### Web page caption snippets
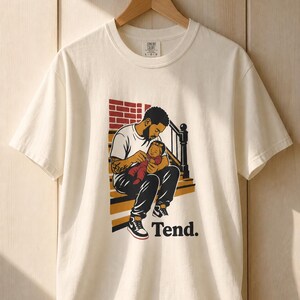 Tend Father and Baby Brownstone Stoop T-Shirt Bold Comic Illustration Fatherhood Graphic Tee Black Dad Gift 画像 7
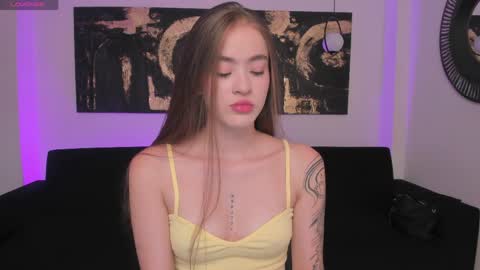  Maia  online show from March 2026 06:51:01 PM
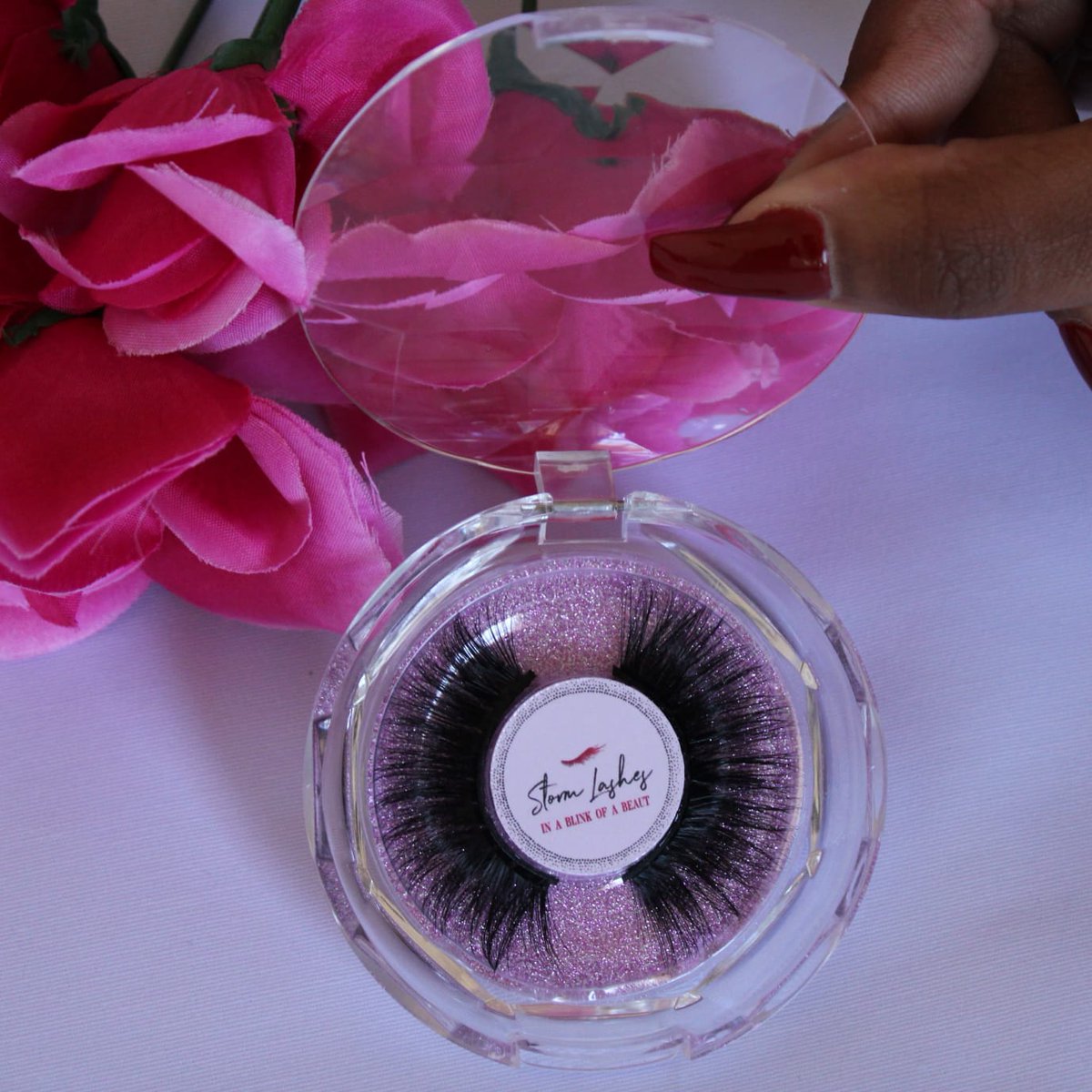 KaNhlane_'s tweet photo. Congrats 🎊🎉👑@ThandaZwide  for starting your business.
Please follow her on Instagram @_stormlashes_ https://t.co/MHSibgKnM5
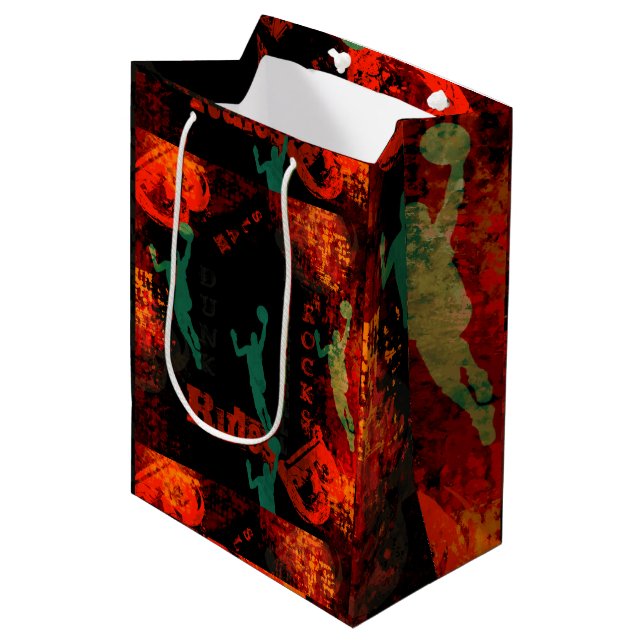 BASKETBALL      MEDIUM GIFT BAG (Front Angled)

### YOUR ASSIGNMENT
Please give the records again word for word, omitting all images.

### YOUR RESPONSE
 Tend Father and Baby Brownstone Stoop T-Shirt Bold Comic Illustration Fatherhood Graphic Tee Black Dad Gift 画像 7
  Maia  online show from March 2026 06:51:01 PM
 KaNhlane_'s tweet photo. Congrats 🎊🎉👑@ThandaZwide  for starting your business.
Please follow her on Instagram @_stormlashes_ https://t.co/MHSibgKnM5
 BASKETBALL      MEDIUM GIFT BAG (Front Angled)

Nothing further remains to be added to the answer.